A ação foi movida pelo Ministério Público do Estado de Minas Gerais, que levou em conta o dano coletivo ao consumidor pela suspensão do fornecimento dos serviços de turismo, em especial da linha Promo, desde 18 de agosto.
Na ocasião, a 123 milhas afirmou que não emitiria as passagens com embarque previsto entre setembro e dezembro de 2023 e que devolveria os valores pagos por meio de vouchers, acrescidos de correção monetária de 150% do CDI, acima da inflação e dos juros de mercado, para compra de passagens, hotéis e pacotes na própria empresa.
No entanto, a companhia entrou com pedido de recuperação judicial no último dia 29, sendo atendida dois dias depois, com uma liminar concedida pela 1ª Vara Empresarial de Belo Horizonte. A partir do momento em que entrou com o pedido, a 123milhas suspendeu os vouchers.
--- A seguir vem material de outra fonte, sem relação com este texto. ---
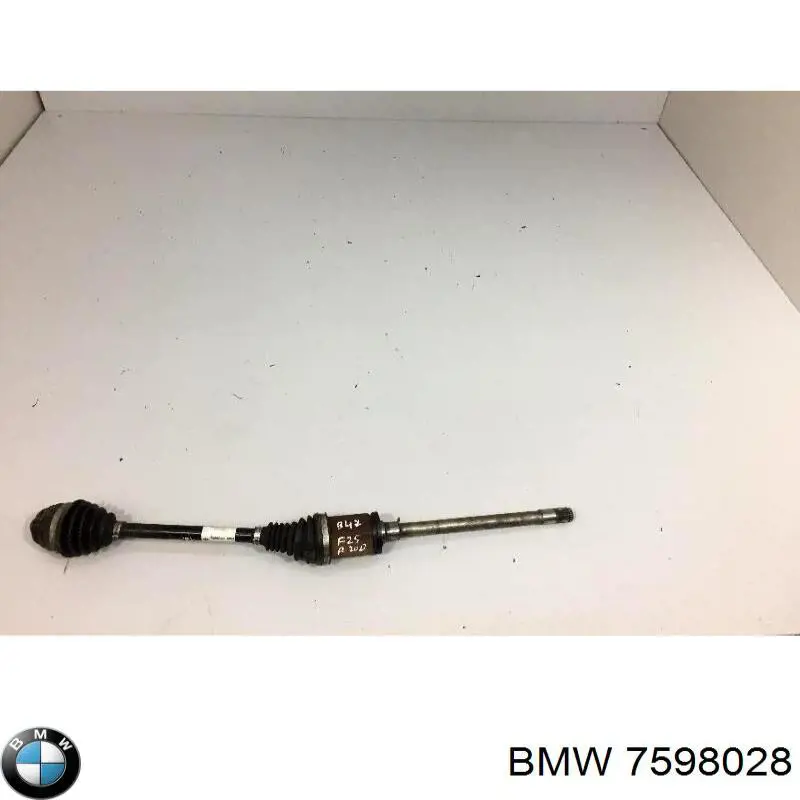 7598028 BMW Semieixo (acionador) dianteiro direito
A empresa também deixou de entregar todos os produtos vendidos até então, mesmo os que não eram da linha Promo.
O juiz Eduardo Henrique de Oliveira Ramiro apontou a “necessidade de não obstaculizar a integral reparação dos danos causados, resguardando-se de pronto algum numerário para o ressarcimento futuro dos milhares de consumidores lesados, devendo preponderar o interesse coletivo, em detrimento da separação entre a pessoa jurídica e seus sócios”.
R$ 50 milhões representam 1% do faturamento da 123milhas
O juiz apontou que os R$ 50 milhões representam cerca de 1% do faturamento anual da companhia, da ordem de R$ 5 bilhões.
Conforme reportagem da Folha de S.Paulo, na sentença em que concedeu a recuperação judicial à 123milhas, a juíza Cláudia Helena Batista, da 1ª Vara Empresarial de Belo Horizonte, advertiu a plataforma de turismo que os direitos dos consumidores -os maiores credores da empresa- deveriam ser respeitados. A magistrada alertou que os donos da companhia podem pagar do próprio bolso eventuais danos causados aos clientes.
Na opinião do advogado Gabriel de Britto Silva, especializado em direito do consumidor e diretor jurídico do Ibraci (Instituto Brasileiro de Cidadania), a decisão foi acertada, ao aplicar o artigo 28 do parágrafo 5º do Código de Defesa do Consumidor. A legislação diz que poderá ser desconsiderada a pessoa jurídica sempre que sua personalidade for, de alguma forma, obstáculo ao ressarcimento de prejuízos causados aos consumidores.
“O fato de a sociedade estar em recuperação judicial já é suficiente para concluir pela configuração da insuficiência patrimonial, ou seja, o estado recuperacional é hábil para demonstrar a inidoneidade financeira da empresa”, diz Silva.
Segundo ele, ante a impossibilidade de cumprir todos os contratos celebrados pela 123milhas e HotMilhas com os consumidores, assim como a impossibilidade de restituição integral dos valores corrigidos, foi necessário desconsiderar a personalidade jurídica das empresas.
“Desta forma, os consumidores, em suas respectivas ações judiciais, poderão pleitear a instauração desse incidente de desconsideração da personalidade jurídica para terem a garantia de receber os valores devidos, ainda que parcialmente, via atingimento do patrimônio pessoal dos sócios das recuperandas”, afirma.